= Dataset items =
-*-*-

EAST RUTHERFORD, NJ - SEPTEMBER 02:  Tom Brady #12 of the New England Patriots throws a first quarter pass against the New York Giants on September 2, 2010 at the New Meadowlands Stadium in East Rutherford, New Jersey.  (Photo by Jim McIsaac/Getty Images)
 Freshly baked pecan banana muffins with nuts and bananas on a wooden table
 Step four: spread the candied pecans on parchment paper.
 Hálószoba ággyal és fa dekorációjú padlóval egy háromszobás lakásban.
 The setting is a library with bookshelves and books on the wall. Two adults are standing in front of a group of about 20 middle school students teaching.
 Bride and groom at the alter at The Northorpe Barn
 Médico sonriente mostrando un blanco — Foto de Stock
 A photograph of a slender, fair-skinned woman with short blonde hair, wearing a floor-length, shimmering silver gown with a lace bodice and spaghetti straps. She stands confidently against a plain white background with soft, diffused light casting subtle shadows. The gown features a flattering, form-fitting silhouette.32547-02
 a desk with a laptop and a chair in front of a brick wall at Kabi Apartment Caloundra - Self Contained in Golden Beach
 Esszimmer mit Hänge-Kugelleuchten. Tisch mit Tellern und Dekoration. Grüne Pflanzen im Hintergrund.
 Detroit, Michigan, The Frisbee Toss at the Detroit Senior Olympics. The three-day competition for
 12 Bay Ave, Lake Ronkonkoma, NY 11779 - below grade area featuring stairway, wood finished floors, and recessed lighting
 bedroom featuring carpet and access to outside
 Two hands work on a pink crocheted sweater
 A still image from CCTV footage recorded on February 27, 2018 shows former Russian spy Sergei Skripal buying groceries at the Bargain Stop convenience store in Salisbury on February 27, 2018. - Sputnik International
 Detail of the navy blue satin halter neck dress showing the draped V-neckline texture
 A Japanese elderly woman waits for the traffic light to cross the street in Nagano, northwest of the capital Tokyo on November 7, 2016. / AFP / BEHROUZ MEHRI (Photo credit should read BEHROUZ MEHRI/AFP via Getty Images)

-*-*-

= How to complete this task =
All lines from the beginning of the entries through the line marked "Médico sonriente mostrando" are to be output exactly; nothing else belongs in the answer.

= Reply to the task =
EAST RUTHERFORD, NJ - SEPTEMBER 02:  Tom Brady #12 of the New England Patriots throws a first quarter pass against the New York Giants on September 2, 2010 at the New Meadowlands Stadium in East Rutherford, New Jersey.  (Photo by Jim McIsaac/Getty Images)
 Freshly baked pecan banana muffins with nuts and bananas on a wooden table
 Step four: spread the candied pecans on parchment paper.
 Hálószoba ággyal és fa dekorációjú padlóval egy háromszobás lakásban.
 The setting is a library with bookshelves and books on the wall. Two adults are standing in front of a group of about 20 middle school students teaching.
 Bride and groom at the alter at The Northorpe Barn
 Médico sonriente mostrando un blanco — Foto de Stock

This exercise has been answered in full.